Dataset:
::::::::

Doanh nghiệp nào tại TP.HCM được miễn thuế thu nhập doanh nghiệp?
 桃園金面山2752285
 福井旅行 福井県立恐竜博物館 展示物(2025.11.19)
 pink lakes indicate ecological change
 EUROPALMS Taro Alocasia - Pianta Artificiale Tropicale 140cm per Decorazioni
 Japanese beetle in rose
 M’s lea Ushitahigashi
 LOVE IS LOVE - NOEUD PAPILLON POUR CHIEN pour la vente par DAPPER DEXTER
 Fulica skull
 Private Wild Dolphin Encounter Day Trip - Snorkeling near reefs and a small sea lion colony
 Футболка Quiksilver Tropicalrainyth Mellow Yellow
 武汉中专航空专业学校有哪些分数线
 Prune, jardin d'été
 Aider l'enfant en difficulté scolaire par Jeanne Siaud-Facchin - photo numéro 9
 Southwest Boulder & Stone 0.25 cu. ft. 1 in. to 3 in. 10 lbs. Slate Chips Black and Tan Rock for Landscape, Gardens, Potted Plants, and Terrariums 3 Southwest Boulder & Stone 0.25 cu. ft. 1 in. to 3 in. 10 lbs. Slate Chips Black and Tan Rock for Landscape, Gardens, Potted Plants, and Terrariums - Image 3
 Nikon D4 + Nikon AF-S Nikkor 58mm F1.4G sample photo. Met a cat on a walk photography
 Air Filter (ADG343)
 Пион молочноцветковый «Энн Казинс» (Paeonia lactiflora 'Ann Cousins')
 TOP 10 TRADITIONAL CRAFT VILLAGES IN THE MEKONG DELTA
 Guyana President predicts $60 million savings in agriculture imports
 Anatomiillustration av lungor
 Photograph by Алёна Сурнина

::::::::

Exercise instructions: Each line from the line holding "Guyana President predicts" through the end of the material above is to be printed exactly, both ends included, and no other line is to appear.

Exercise result:
 Guyana President predicts $60 million savings in agriculture imports
 Anatomiillustration av lungor
 Photograph by Алёна Сурнина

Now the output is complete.